Wednesday, January 25, 2012

Prodigal Son: In Tune

Part Seventeen

    Music can make all the difference in the world in a movie.  It holds that it can make a lot of difference in a game.  Mood music, when used effectively can strongly enhance the roleplaying experience.  What you use, and how you use it is largely determined by the specific game.  Still, there are some general guidelines you can use. 

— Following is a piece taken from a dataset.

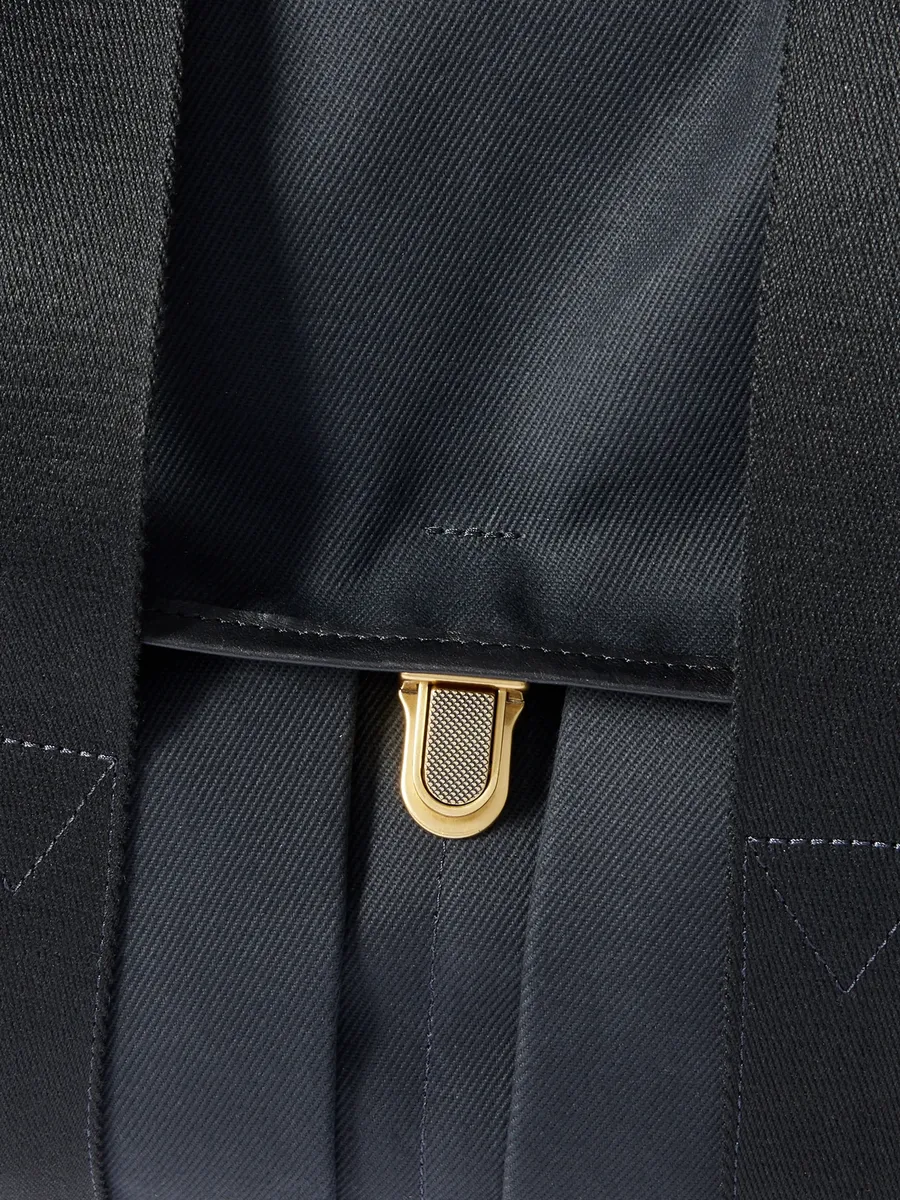 Bleu de Chauffe Musette Business Leather and Webbing-Trimmed Canvas Weekend Bag - Men | Thumbnail 4 Bleu de Chauffe Musette Business Leather and Webbing-Trimmed Canvas Weekend Bag - Men | Thumbnail 4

    First, you should find music appropriate to the specific game.  If, for example, you’re running a game of Call of Cthulhu, set in the default year of 1927, you might search for some radio hits of the era, some light classical music, or early jazz.  However, if you are running a game of Star Wars, it might be more appropriate to find some ambient electronica or again, classical.  For Ars Magica, I lean toward Gregorian chant or some of the more ‘primitive’ sounding music of Europe, including some of the Norse Revival or Celtic Revival of the last 30 years or so.  I especially like Hedningarna for this.  But there are several other good options, and I’m sure plenty I don’t know about. 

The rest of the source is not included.